## Exercise goal
Leaving out the pictures, transcribe all of the records faithfully.

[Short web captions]
▼
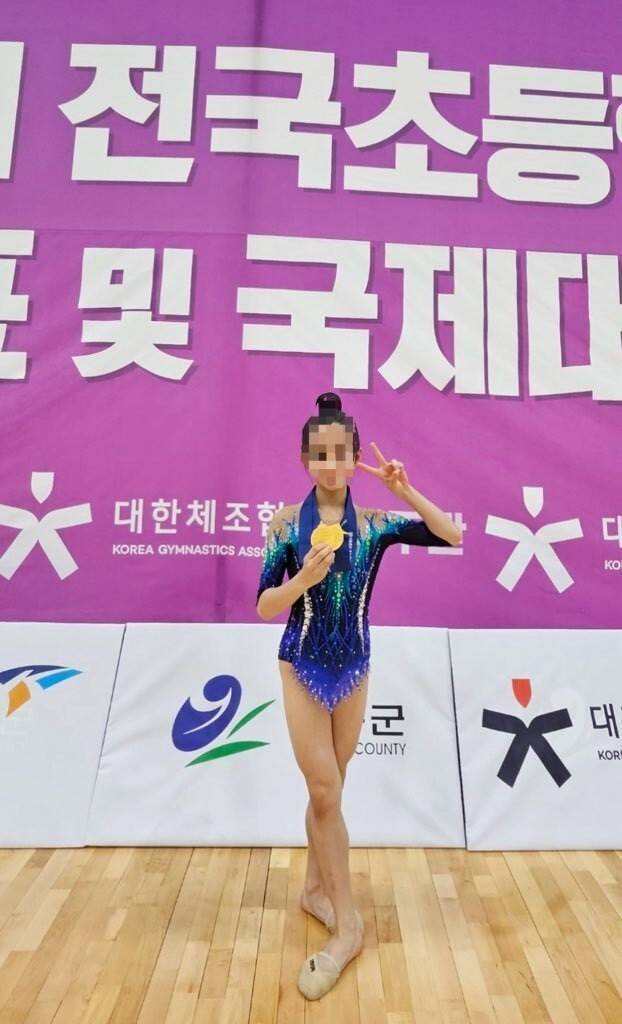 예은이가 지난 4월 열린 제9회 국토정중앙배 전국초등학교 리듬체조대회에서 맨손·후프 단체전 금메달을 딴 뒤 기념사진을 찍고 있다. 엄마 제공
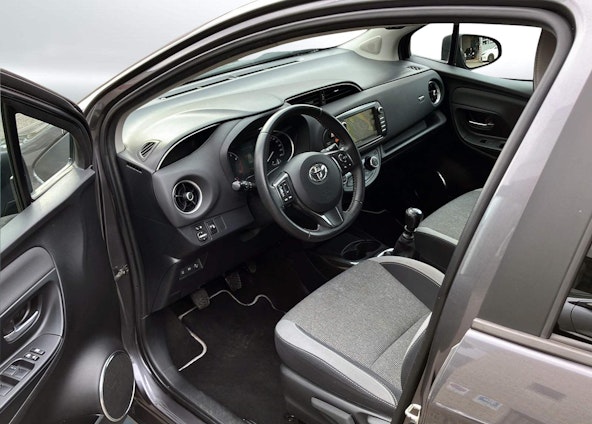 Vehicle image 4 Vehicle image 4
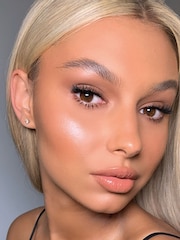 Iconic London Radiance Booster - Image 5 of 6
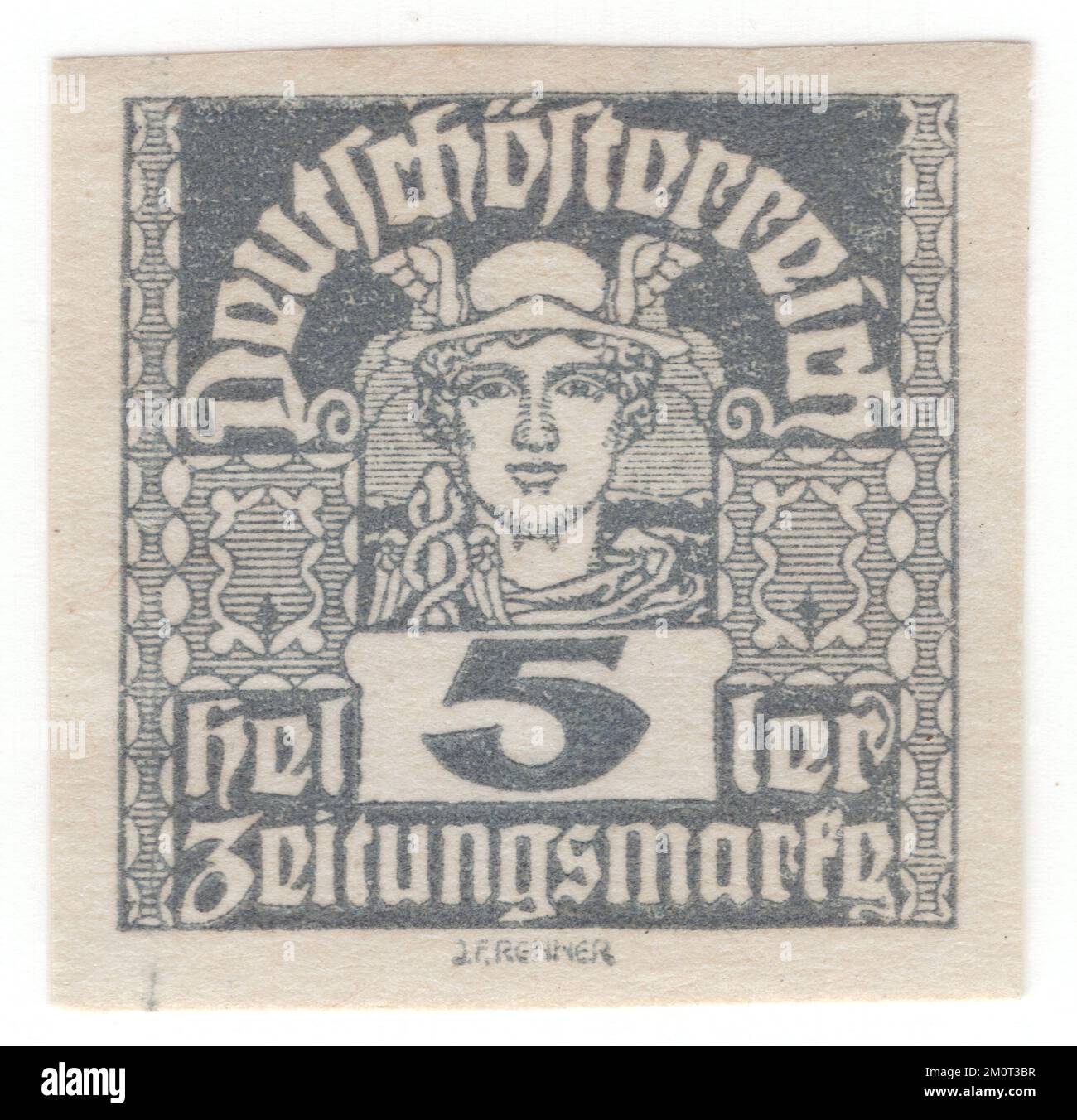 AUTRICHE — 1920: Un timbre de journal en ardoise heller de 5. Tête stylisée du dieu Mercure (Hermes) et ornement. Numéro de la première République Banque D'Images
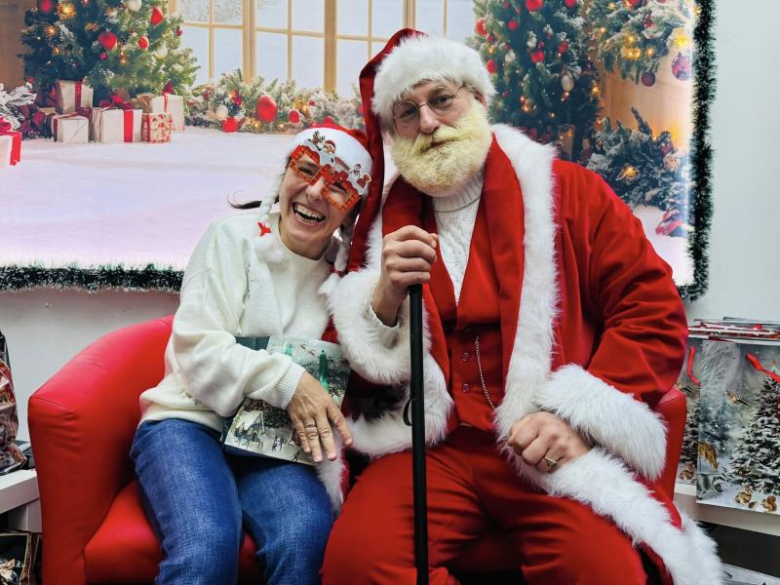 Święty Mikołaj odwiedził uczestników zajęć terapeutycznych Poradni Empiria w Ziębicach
▲
## Exercise output
 예은이가 지난 4월 열린 제9회 국토정중앙배 전국초등학교 리듬체조대회에서 맨손·후프 단체전 금메달을 딴 뒤 기념사진을 찍고 있다. 엄마 제공
 Vehicle image 4 Vehicle image 4
 Iconic London Radiance Booster - Image 5 of 6
 AUTRICHE — 1920: Un timbre de journal en ardoise heller de 5. Tête stylisée du dieu Mercure (Hermes) et ornement. Numéro de la première République Banque D'Images
 Święty Mikołaj odwiedził uczestników zajęć terapeutycznych Poradni Empiria w Ziębicach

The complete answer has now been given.